Ambos querían estar en Azopardo, aunque Moyano no lo entregó", amplía
Regolo. Fue justamente durante el gobierno de Néstor Kirchner, en septiembre de
2007, que el edificio fue declarado Monumento Histórico Nacional. Un hecho más
que vincula a la CGT como parte del imaginario de construcción política del
peronismo.
Sacar la historia a la luz
Todo este halo de
oscurantismo plebeyo que inunda la sede y la reticencia a abrir las puertas al
público en general, aun con tanta historia a cuestas, fue lo que atrajo al
fotógrafo Claudio Larrea: seis meses de negociaciones le llevó obtener una
autorización para registrar el lugar. "Es como entrar en la catedral de
los trabajadores", dice Larrea, autor de las fotografías que acompañan
este artículo y de obra que repasa el legado del peronismo. La metáfora no es
casual: "Digo catedral porque ahí están los bustos cual apóstoles,
silencio e inmovilidad. No hay preguntas, solo creencia y mandamientos",
agrega.
Larrea también quería
plasmar el contraste entre la decadencia edilicia, al menos en sus fachadas, y
la prosperidad de Puerto Madero, que crece detrás de la sede de los
trabajadores. Una historia que había comenzado con ímpetu renovador y
triunfante, una oda a esa frase tan reñida de la marcha peronista
("combatiendo al capital"), y que se fue marchitando entre paredes
despintadas, mobiliarios crujientes y pesadumbre dirigencial. "Me da la
sensación de que muchos dirigentes ya viven en Puerto Madero y se olvidaron de
Azopardo", dice, con sarcasmo, Larrea.
Es la casa de los padres,
desde donde alguna vez se fueron, pero a la que siempre están volviendo.
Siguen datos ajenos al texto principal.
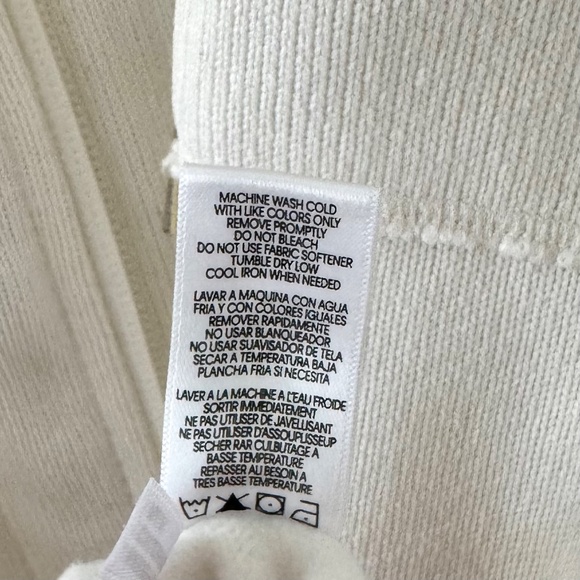 Calvin Klein White Ribbed Zip-Up Jacket - Picture 10 of 10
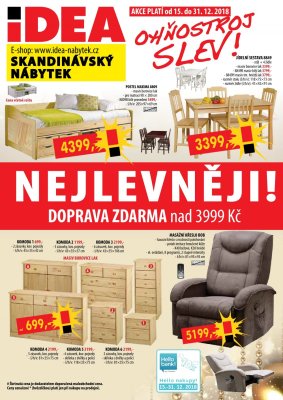 akční leták IDEA nábytek 15.12.2018-31.12.2018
Azopardo es ese lugar que simboliza tanto como condiciona: la matriz del poder
de turno de los trabajadores, un poder que muchas veces hace culto de los
murmullos, que se esconde detrás de colores que tiran a sepia y ascensores de
pesadas puertas de hierro pintadas de verde que, todavía hoy, se abren
manualmente, como si se tratara de una fábrica detenida en el tiempo.